Constable of Portugal
- In office 6 April 1385 – 1 November 1431
- Monarch: John I of Portugal
- Preceded by: Álvaro Pires de Castro
- Succeeded by: John of Portugal

Lord High Steward
- In office 6 April 1385 – 1 November 1431
- Monarch: John I of Portugal
- Preceded by: Garcia Rodrigues de Taborda
- Succeeded by: Diogo Lopes de Sousa

Personal details
- Born: 24 June 1360 Cernache de Bonjardim, Portugal
- Died: 1 November 1431 (aged 71) Convent of the Carmelites, Lisbon, Portugal
- Spouse: Leonor de Alvim ​ ​(m. 1376; died 1388)​
- Children: Beatriz Pereira de Alvim
- Parent(s): Álvaro Gonçalves Pereira (father) Iria Gonçalves do Carvalhal (mother)

= Nuno Álvares Pereira =

Portuguese general (1360–1431)

Dom Nuno Álvares Pereira, OCarm (/pt-PT/; 24 June 1360 - 1 November 1431), known as Constable of Portugal, was a Portuguese general who played a decisive role in the 1383–1385 Crisis that assured Portugal's independence from Castile. He later became a mystic and was beatified by Pope Benedict XV in 1918, and canonised by Pope Benedict XVI in 2009.

Nuno Álvares Pereira is often referred to as the Saint Constable (Santo Condestável) or as Saint Nuno of Saint Mary (São Nuno de Santa Maria), his religious name. He was count of Barcelos, Ourém and Arraiolos.

==Family==

Nun'Álvares Pereira coat of arms

Nuno Álvares Pereira was born on 24 June 1360 in Cernache do Bonjardim, central Portugal, the illegitimate son of Dom Álvaro Gonçalves Pereira, prior of Crato and Iria Gonçalves do Carvalhal.
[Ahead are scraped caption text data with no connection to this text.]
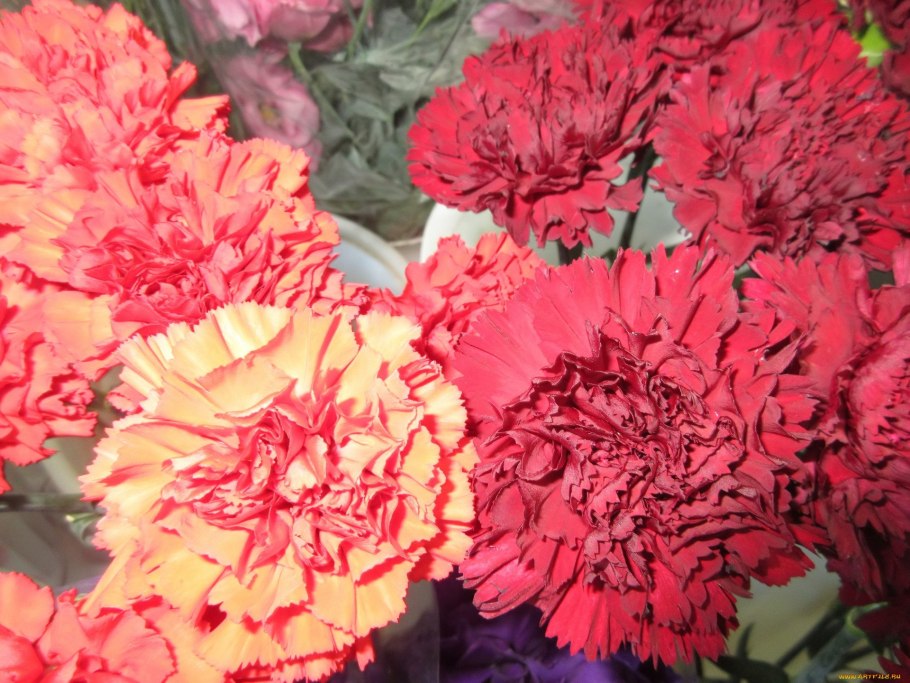 Гвоздика китайская Диана Скарлет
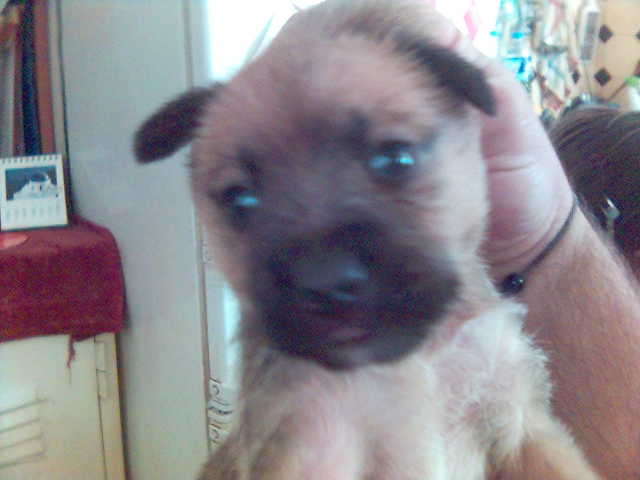 ΣΙΣΗΣ ΠΑΙΔΙ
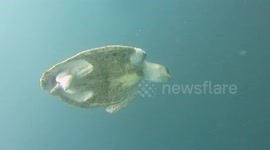 Turtle struggles to swim with only one flipper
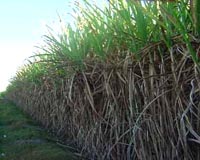 Brazil eyes limits on Amazon sugar cane growth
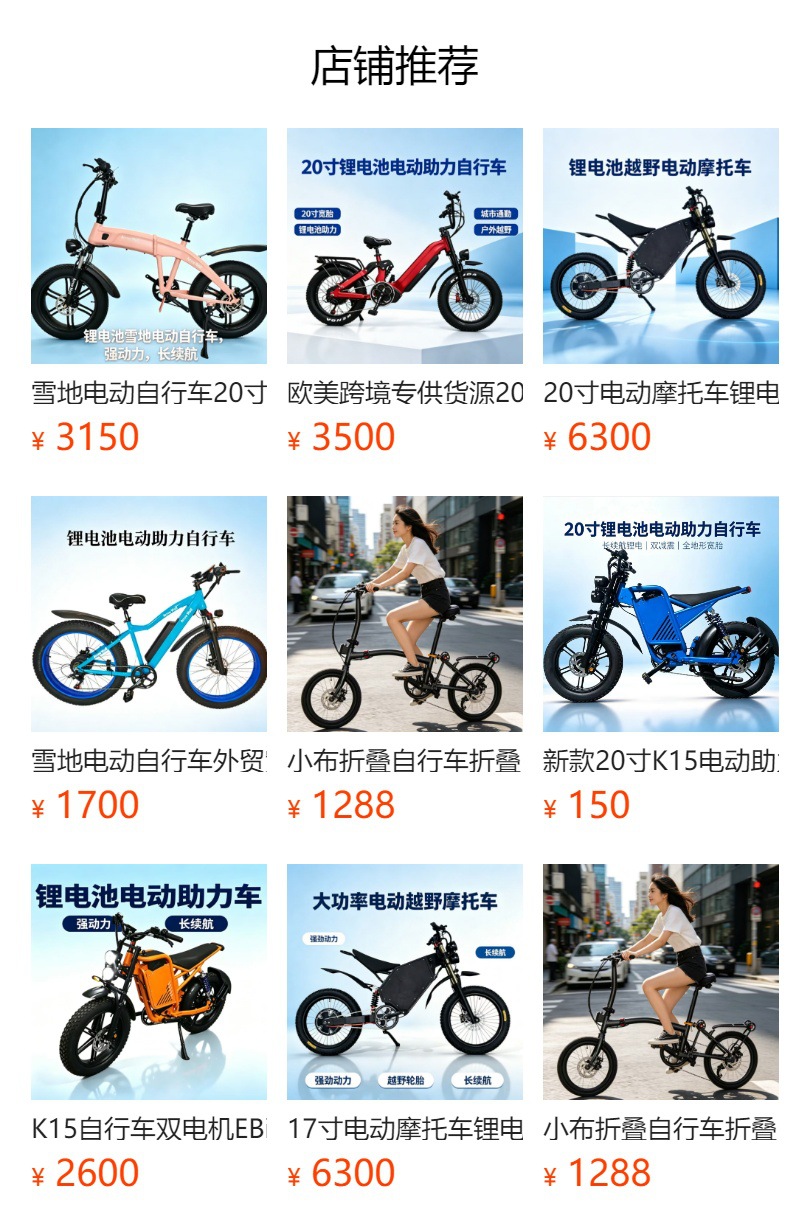 Exclusive cross-border supply of new models 20inch Fat tire 2-wheel electric motorcycle soft-tail mountain electric bicycle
His grandfather was Dom Gonçalo Pereira, the archbishop of Braga from 1326 until 1349. He was descended from the oldest Portuguese and Galician nobility.
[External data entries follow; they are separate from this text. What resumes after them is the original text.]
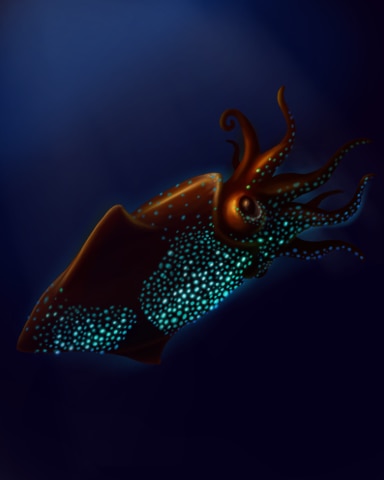 Quinn's Aquarium Shining Squid Badge
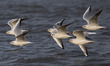 A group of black-headed gulls (Larus ridibundus) flies very close to the banks of the Tejo...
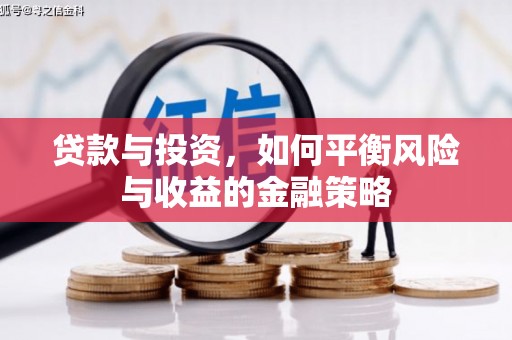 南岔贷款与投资，如何平衡风险与收益的金融策略
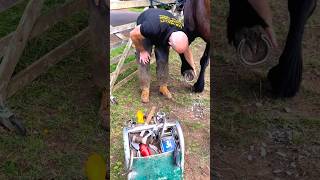 Horse foot pain 😔😭 horse cartoon amazing asmr video shorts ytshorts xogauravcraftwood art [upl. by Corbett]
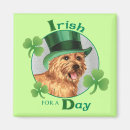 Suche nach st patrick tagest magnete Kleeblatt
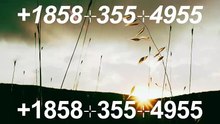 !!~OFFICIAL~!!!!Complete™ List of coinbaseⓃ CUSTOMER© Care℗ (Help Desk Number Support) Numbers A Complete Guide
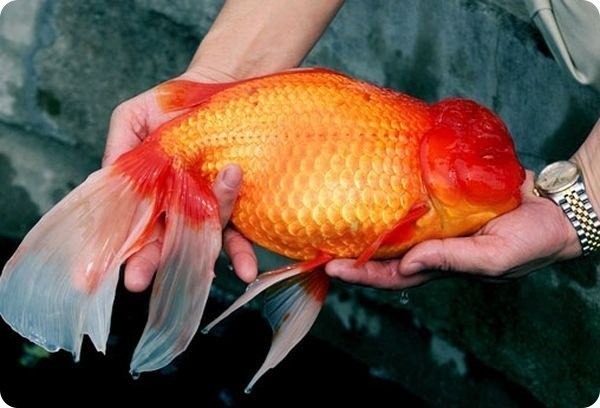 Золотая рыбка Брюс — самая крупная на Земле (40 см в длину)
About a year after his birth, the child was legitimised by royal decree and so he was able to receive a knightly education typical of the offspring of the noble families of the time.

At 13 years of age he became page to Queen Leonor. At age 16, he married Leonor de Alvim, a rich young widow. Three children were born to the union, two boys who died early in life, and a girl, Beatriz, who married Afonso, son of King John I and founder of the House of Aviz.

== Military life ==
Álvares Pereira began military service in 1373, when he was only 13, and helped stop an invasion from Castile. However, according to his own words, his first military campaigns were no more than skirmishes on the borders of Portugal. He was an impetuous and brave young man who soon showed himself to be an excellent leader.
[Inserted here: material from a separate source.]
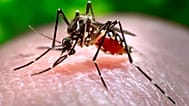 O mosquito-tigre-asiático é responsável pela transmissão de doenças como dengue, zika e febre-amarela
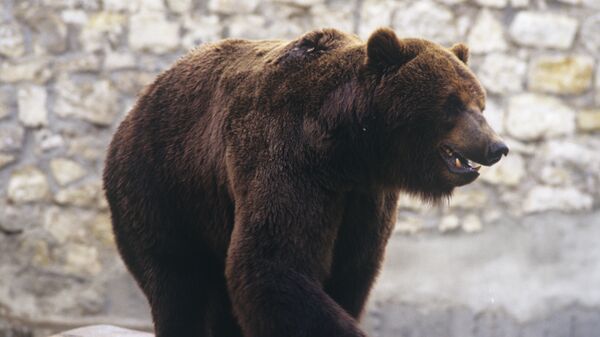 Бурый медведь. Архивное фото - Sputnik Казахстан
When King Ferdinand I of Portugal died in 1383, his only heir was Beatrice, married to King John I of Castile. In order to preserve Portuguese independence, the nobles supported the claim of King Ferdinand's half-brother John, Master of Aviz to the throne. After his first victory over the Castilians, in the Battle of Atoleiros (April 1384), John of Aviz named Nuno Álvares Pereira protector and constable of Portugal, in practice supreme commander of Portugal's armies, and count of Ourém. He was only 24 years old.

Álvares Pereira used guerrilla tactics trying to dislodge the Castilian army besieging Lisbon in 1384 but plague finally drove them away.

In April 1385, John of Aviz was recognized as king by the Cortes. This triggered an invasion of the country by King John I of Castile in support of his wife's rights to the throne. Nuno Álvares Pereira was engaged against the northern cities loyal to the Castilians. During this time of war, he fed the hungry populations of his Castilian opposition at his own expense.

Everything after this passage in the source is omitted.